17. The Pharisee & the Publican

Meditating on the Parables of Luke: 17. The Pharisee & the Publican

Luke 18:9-14:  To some who were confident of their own righteousness and looked down on everyone else, Jesus told this parable: “Two men went up to the temple to pray, one a Pharisee and the other a tax collector. The Pharisee stood by himself and prayed: ‘God, I thank you that I am not like other people—robbers, evildoers, adulterers—or even like this tax collector. I fast twice a week and give a tenth of all I get.’  But the tax collector stood at a distance. He would not even look up to heaven, but beat his breast and said, ‘God, have mercy on me, a sinner.’  I tell you that this man, rather than the other, went home justified before God. For all those who exalt themselves will be humbled, and those who humble themselves will be exalted.”

Purpose & Context: We seem to be in a part of Luke where rather than consequential flow being the style he uses, he instead simply picks up on a variety of, dare we say, bits and pieces of the things he has been told. I say this because there seems no direct flow into this parable from the previous one about not giving up on prayer.
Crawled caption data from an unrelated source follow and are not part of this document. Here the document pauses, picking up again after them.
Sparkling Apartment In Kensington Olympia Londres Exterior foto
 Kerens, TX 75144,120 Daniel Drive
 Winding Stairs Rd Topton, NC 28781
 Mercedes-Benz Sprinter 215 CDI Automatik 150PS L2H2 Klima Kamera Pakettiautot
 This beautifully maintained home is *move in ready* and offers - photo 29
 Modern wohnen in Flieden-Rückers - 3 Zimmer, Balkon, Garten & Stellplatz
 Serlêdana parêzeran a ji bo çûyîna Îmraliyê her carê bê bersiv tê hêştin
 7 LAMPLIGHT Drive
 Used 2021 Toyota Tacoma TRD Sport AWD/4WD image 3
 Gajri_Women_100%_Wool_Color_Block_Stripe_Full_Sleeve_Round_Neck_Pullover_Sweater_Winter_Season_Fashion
The only link, and it is a good one, is that both parables involve prayer but in this one, prayer is the channel for revealing the heart and not the heart of the parable itself.   The point is made very obvious from the outset: “To some who were confident of their own righteousness and looked down on everyone else, Jesus told this parable.”   That’s it, it is about humility before God and how that is revealed through the way different people pray.

Content:

  • there are two men who go to the temple to pray.
  • one is a Pharisee who distanced himself from other people, exalting himself in declaring how righteous he was, fasting and giving tithes – certainly different from that tax-collector over there!
  • the other was the tax collector, who came in humility, not daring to look up to God, and just simply prayed for forgiveness and mercy, acknowledging he was a sinner.

The punchline that follows is clear: “I tell you that this man, rather than the other, went home justified before God.”  That is the conclusion from the parable, but what brings that about?

The principle behind it is obviously stated: “For all those who exalt themselves will be humbled, and those who humble themselves will be exalted.”

Application: Again, this is one of those parables that are so obvious that we wonder whether any comment is necessary. Yet it is worth dwelling on the nature of the two men in the parable. First, the Pharisee. This is a man who is clearly very religious. The Pharisees were known for their knowledge of the Law and their zeal for upholding it. This man at least expresses piety through the standard ways, fasting and giving tithes. However, it is his attitude that brings censure. Because of his piety he thinks he is better than other men, certainly better than obvious sinners, like the worldly and often corrupt tax-collectors. He comes before God displaying his pride openly.

Second, there is the tax-collector who, yes, is possibly worldly and corrupt – be he knows it and is not proud of it. He still has a desire to pray but he doubts his standing before God and all he can do is ask for mercy. In this he is being utterly real. This is not to condone his lifestyle but it is to acknowledge the humility with which he comes.

For us who are Christians of long-standing, this can be an uncomfortable parable if we are willing to be honest with ourselves, for after years of seeking to remain righteous before God, it is so easy to slip into an attitude of superiority when we look at other people who are not believers, those who are not bothered about righteousness.

Even more it is so easy to become complacent about prayer and, as I have commented elsewhere, especially public prayer. How easy we pray mechanically, just saying the right words, with little consideration to the thought that God – almighty, holy God – is there, is the one we are addressing. How rarely it is that people ‘out front’ pause before the Presence before they utter the words, how rare that they come with humility. I am sure that most of us would look at this very simple and straight forward parable and denounce the Pharisee without realizing that in many ways we are more like him than like the other man.

It is a difficult balance to hold, this realization on one hand that we are children of God, with a loving heavenly Father and all the familiarity of years of teaching and experience that has blessed us, while at the same time remembering that actually we ARE still sinners, redeemed yes, but still prone to sometimes getting it wrong (see 1 Jn 2:1) and we are what we are because of what Jesus has done and what the Holy Spirit is doing in us. As Paul said, we have no room to boast (Rom 3:27, Gal 6:4, Eph 2:9) just room for humility. May we remember that.